Source: commons.wikimedia.com (edited by K. Chamilothori)
The IntelLight+ project focuses on human-centric lighting. It takes an integrative approach to developing algorithms to infer and even predict user context to accommodate user needs and preferences. In his sub-research, Sietse is working on a photorealistic simulation of dynamic natural light for perception in virtual reality (VR). Light is an environmental factor that directly and indirectly impacts human health and well-being through processes affecting circadian rhythm, arousal and alertness, as well as comfort and visual interest. Current insights in lighting research show that eyes need high (blue-enhanced) light levels in buildings to support a healthy circadian rhythm and the associated good sleep. However, when delivered by traditional lighting fixtures, these high light levels challenge visual comfort and user acceptance. At the same time, recent studies suggest that ambient light distributions can affect attention, visual interest, alertness and relaxation. The question that emerges is whether these positive psychological effects, driven by spatial and temporal dynamics of illumination, could be used to increase the user acceptance of lighting solutions aimed at supporting circadian effects.
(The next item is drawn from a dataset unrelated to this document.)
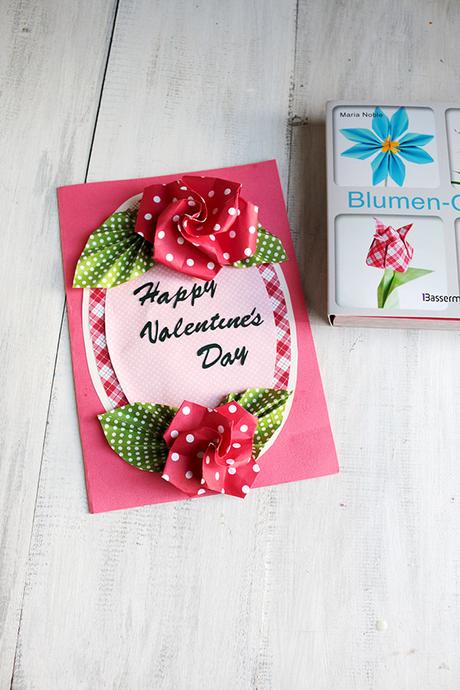 How to make an Easy Origami Rose and  crafting a Valentine Card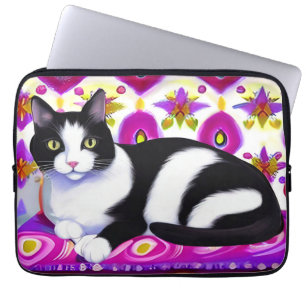 Housse Pour Ordinateur Portable Chat Tuxedo noir et blanc sur un coussin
Applicability of dynamic light in nature
Theories from environmental psychology suggest that nature and natural elements can be restorative for humans. The biophilia hypothesis explains this via humans’ innate and evolutionary connection with nature. By recreating the spatial and temporal characteristics of natural light patterns with artificial lighting, the positive qualities of daylight and the restorative effects of nature may be brought indoors. As a novelty, the applicability of dynamic light patterns that are prevalent in nature, such as dappled light, is being researched.
“The tool will provide researchers with a fast and flexible method to conduct experiments on the perception of such patterns in a space independent of location or external conditions.”
Sietse de Vries
Simulation tool for photorealistic indoor environments
To identify the impact and perception of certain dynamic patterns of natural light, experiments are necessary. Due to the complexity of controlling natural light during such experiments, immersive virtual environments have been identified as a suitable alternative. The goal of the EngD project is to create a simulation tool that generates photorealistic indoor environments with customizable dynamic patterns of natural light to be viewed using virtual reality headsets. The tool will provide researchers with a fast and flexible method to conduct experiments on the perception of such patterns in a space independent of location or external conditions.
Dappled natural light
Recently, proof of concepts of all parts of the simulation tool have been produced, allowing early testing. The current focus is on optimizing simulation efficiency and closely reproducing the properties of dynamic patterns of dappled natural light. When finished, the simulation tool will facilitate research that is needed to advance the development of innovative lighting scenarios that maximally benefit human functioning, ensuring high visual comfort and satisfaction and support for circadian and restorative effects.